[[ Supplied information open ]]

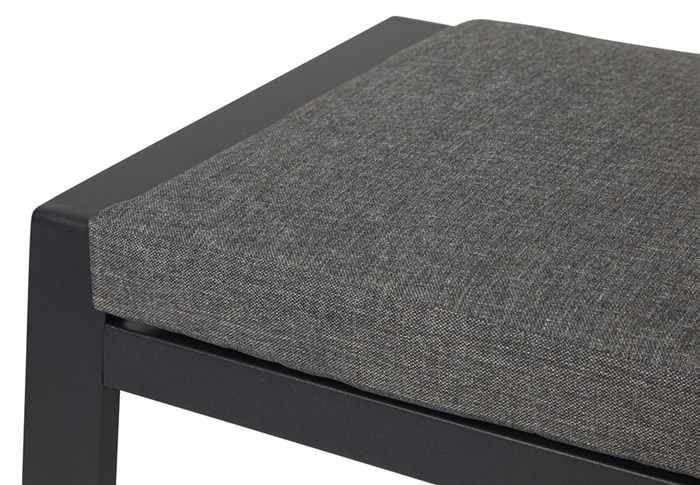 Outfit 2 Sessel mit Liegefunktion + 2 Fußhocker + Tisch Kombination (48848)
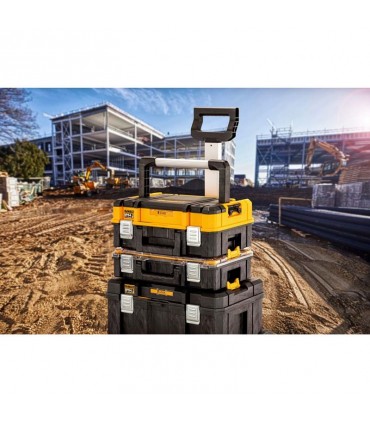 DeWalt TSTAK IP54 Deep Plastic Tool Box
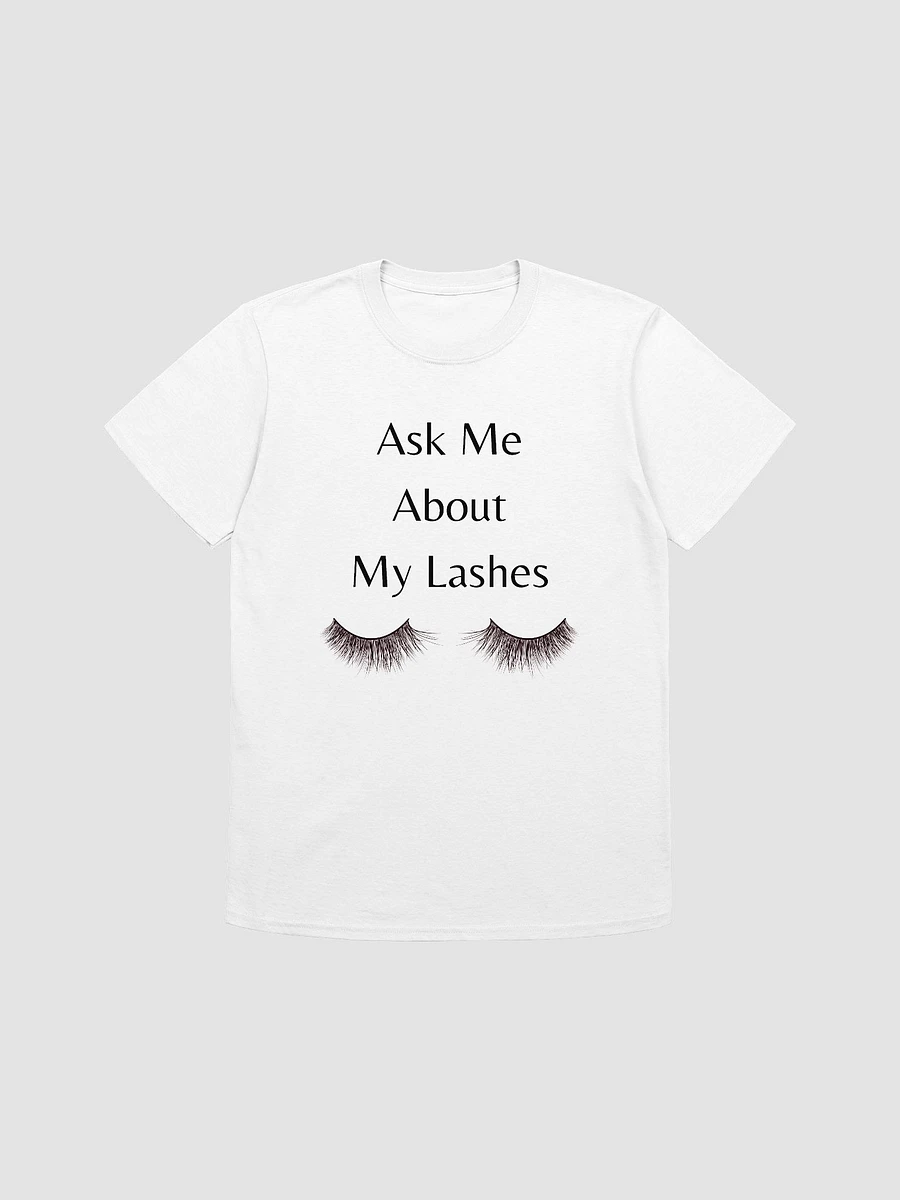 Ask Me About My Lashes Women's T-Shirt V1 product image (5)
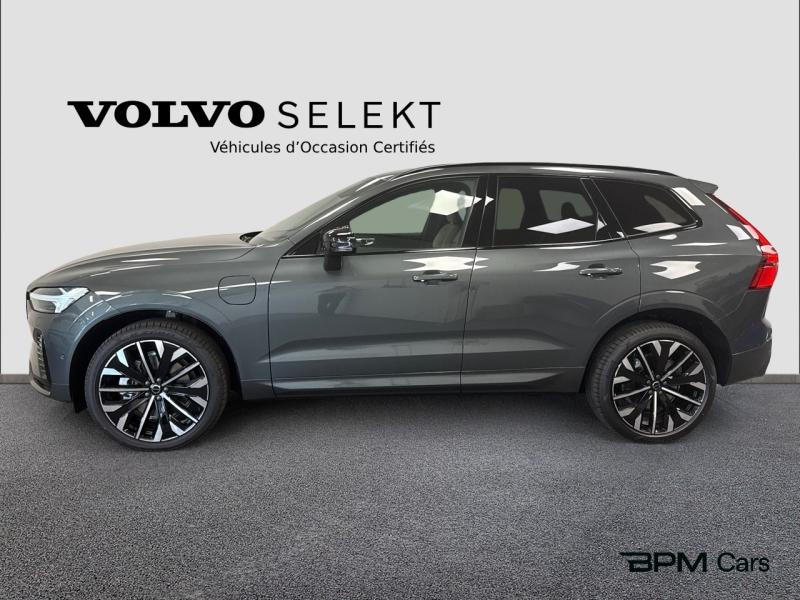 Image VOLVO XC60 T6 Hybride Rechargeable 350ch Ultra Style Dark Geartronic 8 AWD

[[ Supplied information closed ]]

• [Aim of the task]:
Pictures are to be left out; the rest of the listing should be printed exactly.

• [Written solution]:
 Outfit 2 Sessel mit Liegefunktion + 2 Fußhocker + Tisch Kombination (48848)
 DeWalt TSTAK IP54 Deep Plastic Tool Box
 Ask Me About My Lashes Women's T-Shirt V1 product image (5)
 Image VOLVO XC60 T6 Hybride Rechargeable 350ch Ultra Style Dark Geartronic 8 AWD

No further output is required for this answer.